I recommend the SAM Tags spec. Let me know if you need more information.

SA:Z:(rname,pos,strand,CIGAR,mapQ,NM;)

Other canonical alignments in a chimeric alignment, formatted as a semicolon-delimited list. Each element in the list represents a part of the chimeric alignment. Conventionally, at a supplementary line, the first element points to the primary line. Strand is either ‘+’ or ‘-’, indicating forward/reverse strand, corresponding to FLAG bit 0x10. Pos is a 1-based coordinate.

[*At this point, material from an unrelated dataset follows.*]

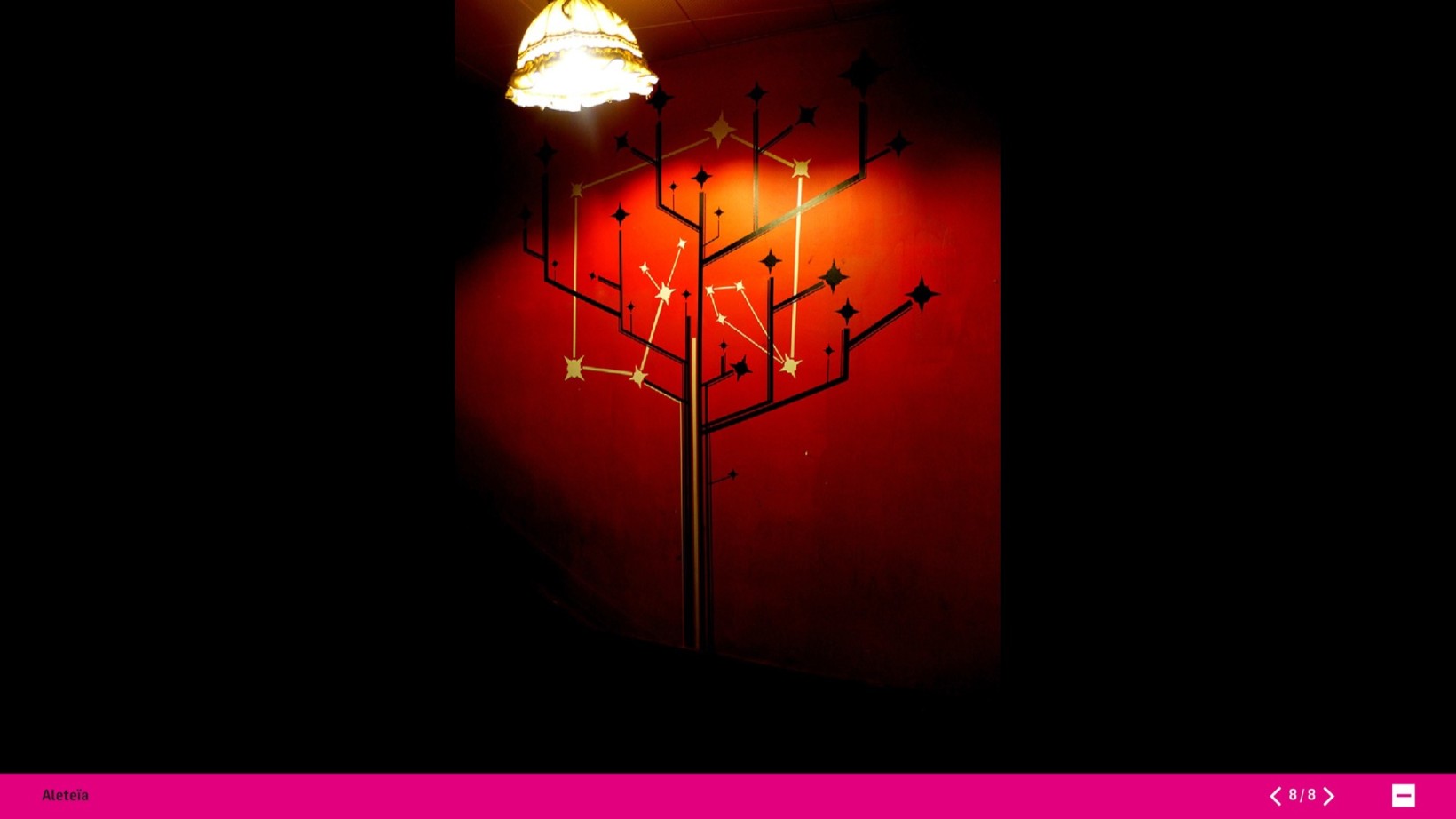 ⭐⭐⭐ Manu Lechat- Webdesigner, intégrateur, développeur Web freelance Borne tactile de muséograhie réalisée dans le cadre d'une exposition 'Le musée Passager'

jrobinso commented 2 years ago

@amwenger Apologies for such a long delay, but I am picking this up with a goal to finish by the end of the year. Unfortunately the test bams you created, with examples of each SV type, are no longer available at the URLs below. Those would be most helpful. Do you still have them? These are the URLs I am referring to

BAM (97 MB): https://dl.dnanex.us/F/D/xzz9fGXBgx6Bqpbypf6KxqZqy5zg1k1VyKykVKg8/GRCh38.SV-examples.bam BAM index: https://dl.dnanex.us/F/D/K4qkpQyvF2k6YG2K8815jG266q3KB1kbKkbpjk2y/GRCh38.SV-examples.bam.bai

Thanks

amwenger commented 2 years ago

Hi @jrobinso. I uploaded to a new location and updated the URLs above:

Thanks for working on the feature. Let me know when I could be useful to test / work on it.